Inoltre un rinnovato rapporto con l’ambiente è favorito da una visione dell’uomo che, dopo secoli di spiritualismo e, per reazione, di materialismo, tende a recuperare la sua dimensione “animale”, quindi il valore del corpo e il suo stretto nesso con la psiche, in particolare il ruolo basilare dell’alimentazione e della dimensione sessuale, in una parola di ciò che ci accomuna agli altri animali. Nel complesso l’invito che proviene dalla situazione attuale all’uomo di oggi è quello di riscoprire il nesso fra uomo e ambiente nella prospettiva di un’ecologia integrale, incentrata innanzitutto su un’ecologia dell’uomo, ovvero su un rinnovato rapporto dell’uomo con se stesso e quindi con gli altri uomini e con il cosmo.



Un recente volume ripropone e ripensa in modo accessibile a un largo pubblico queste tematiche da un punto di vista religioso e in particolare cristiano. Si tratta del lavoro di Antonio Gentili e Marilena Bogazzi, Cibo (e sesso). Natura, cultura, spiritualità (Ancora, Milano 2019).

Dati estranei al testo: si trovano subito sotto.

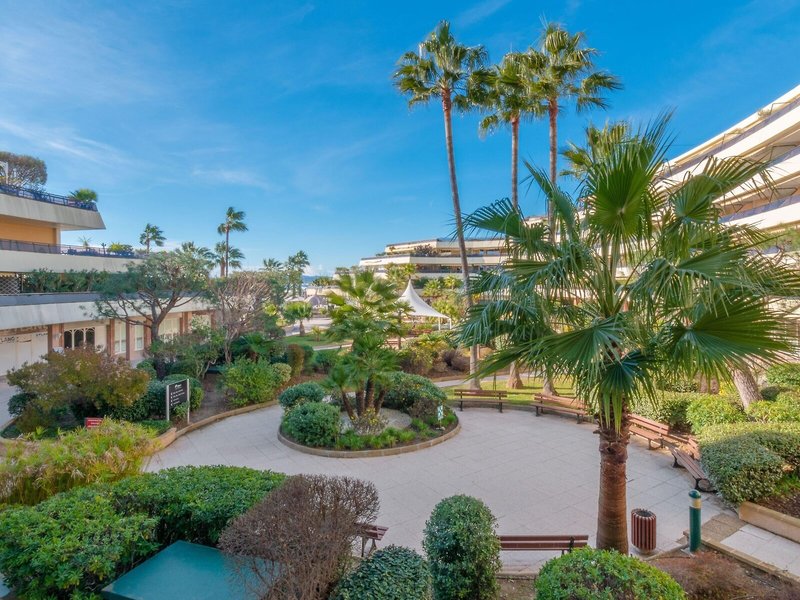 Holiday Inn Nice - Saint Laurent Du Var 16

Gentili, religioso barnabita e studioso di spiritualità, insiste in particolare sul nesso che esiste fra alimentazione e sessualità, in quanto dimensioni basilari e costitutive dell’umano. La prima concerne innanzitutto la nostra conservazione, quindi il nostro rapporto con noi stessi attraverso la mediazione dell’ambiente, la seconda il nostro rapporto con gli altri. Secondo il pensiero religioso e cristiano in particolare, per esempio della tradizione monastica, v’è un nesso stretto fra temperanza e intemperanza su un piano e sull’altro: il mangiare e il bere incidono sulla dimensione sessuale dell’uomo. Una rinnovata ecologia dell’umano dovrebbe tenere nuovamente conto di questo nesso. Si tratta di considerare e valorizzare il ruolo della corporeità senza assolutizzarlo in nessuno dei due ambiti. Ma ciò è possibile se l’uomo vive un orientamento verso ciò che lo trascende e lo unifica, permettendo così un’articolazione equilibrata delle sue dimensioni costitutive.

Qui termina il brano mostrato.